The Bronx Zoo's Kihansi spray toads fell prey to several pressures, including habitat destruction and, most likely, the fungus and pesticides. Their natural habitat encompasses just 10 acres in the Kihansi River gorge. In 2000, a World Bank-funded dam diverted 90 percent of the flow that sustained the toads, and their numbers started dropping precipitously.
By late 2000, the Wildlife Conservation Society brought 500 of the toads to U.S. zoos. A sprinkler system installed by the Tanzanian government seemed to be reviving them, but in July 2003 the population collapsed. The crash coincided with a flushing of sediment from the dam, and researchers suspect this could have unleashed pesticides from farmland runoff.
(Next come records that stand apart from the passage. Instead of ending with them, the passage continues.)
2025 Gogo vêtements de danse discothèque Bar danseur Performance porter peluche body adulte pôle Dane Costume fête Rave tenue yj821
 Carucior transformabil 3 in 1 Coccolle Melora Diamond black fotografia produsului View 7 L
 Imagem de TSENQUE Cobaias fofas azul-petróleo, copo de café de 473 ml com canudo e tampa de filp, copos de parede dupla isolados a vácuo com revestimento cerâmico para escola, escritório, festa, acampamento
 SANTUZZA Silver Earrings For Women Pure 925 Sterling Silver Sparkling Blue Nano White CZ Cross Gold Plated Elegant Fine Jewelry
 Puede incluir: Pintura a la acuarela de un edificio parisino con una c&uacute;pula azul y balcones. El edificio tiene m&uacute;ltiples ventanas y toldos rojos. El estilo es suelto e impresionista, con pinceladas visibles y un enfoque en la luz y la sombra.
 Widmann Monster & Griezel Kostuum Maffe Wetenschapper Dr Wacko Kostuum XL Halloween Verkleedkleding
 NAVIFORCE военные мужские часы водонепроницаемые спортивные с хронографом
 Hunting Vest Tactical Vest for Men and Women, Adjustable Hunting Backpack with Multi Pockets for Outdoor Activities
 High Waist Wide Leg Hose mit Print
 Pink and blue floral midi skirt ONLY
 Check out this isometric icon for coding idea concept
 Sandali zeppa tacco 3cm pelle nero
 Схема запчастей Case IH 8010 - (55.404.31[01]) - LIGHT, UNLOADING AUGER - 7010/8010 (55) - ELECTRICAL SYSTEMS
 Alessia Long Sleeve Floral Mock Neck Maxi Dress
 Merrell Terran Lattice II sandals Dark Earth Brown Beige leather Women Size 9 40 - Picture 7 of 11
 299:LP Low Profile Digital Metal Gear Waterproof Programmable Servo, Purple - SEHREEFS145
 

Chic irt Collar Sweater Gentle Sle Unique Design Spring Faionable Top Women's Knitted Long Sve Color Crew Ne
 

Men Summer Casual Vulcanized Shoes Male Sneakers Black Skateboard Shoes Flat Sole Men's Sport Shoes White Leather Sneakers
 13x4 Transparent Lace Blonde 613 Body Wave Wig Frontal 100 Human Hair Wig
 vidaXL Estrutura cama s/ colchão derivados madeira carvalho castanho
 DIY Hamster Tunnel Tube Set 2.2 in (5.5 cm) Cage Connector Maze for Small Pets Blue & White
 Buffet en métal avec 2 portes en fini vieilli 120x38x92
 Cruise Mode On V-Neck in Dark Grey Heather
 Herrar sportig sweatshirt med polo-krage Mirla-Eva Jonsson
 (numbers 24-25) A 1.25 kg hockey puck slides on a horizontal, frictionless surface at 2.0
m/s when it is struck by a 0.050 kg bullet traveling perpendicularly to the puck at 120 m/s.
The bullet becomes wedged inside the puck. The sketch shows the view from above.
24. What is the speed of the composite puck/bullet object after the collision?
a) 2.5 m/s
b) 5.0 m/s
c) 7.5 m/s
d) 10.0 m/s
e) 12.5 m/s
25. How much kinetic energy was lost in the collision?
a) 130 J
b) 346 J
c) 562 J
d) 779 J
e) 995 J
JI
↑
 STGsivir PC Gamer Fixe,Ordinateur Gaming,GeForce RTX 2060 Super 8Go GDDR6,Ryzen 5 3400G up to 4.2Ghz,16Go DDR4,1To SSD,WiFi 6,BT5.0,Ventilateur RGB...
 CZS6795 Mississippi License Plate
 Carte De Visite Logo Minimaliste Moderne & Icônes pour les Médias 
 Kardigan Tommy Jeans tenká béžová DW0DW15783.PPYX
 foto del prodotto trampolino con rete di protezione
Itinerant workers may also have unwittingly introduced the chytrid fungus to the area.
Last month, two herpetologists from Tanzania's University of Dar es Salaam, Charles Msuya and Wilirk Ngalason, visited the Bronx and Toledo zoos to learn how to breed the toads in captivity.
Jennifer Pramuk, the Bronx's Zoo's curator of herpetology, has spent the last year and a half exploring what works best for the tiny creatures, which at full maturity measure just three-quarters of an inch to an inch long.
"A lot of it is detective work," Pramuk said, noting that she and her staff have adjusted the phosphate levels in the frogs' water to better suit their needs. "When you have an animal that's never been kept before, there are a lot of things people didn't know."
Msuya and Ngalason are hoping to bring some of the frogs back to Tanzania within a year to breed them there before reintroducing them to the wild, but they still face the prospect of a habitat contaminated by the deadly fungus.
"So far it's a really challenging issue," Msuya said. "Nobody knows what can be done."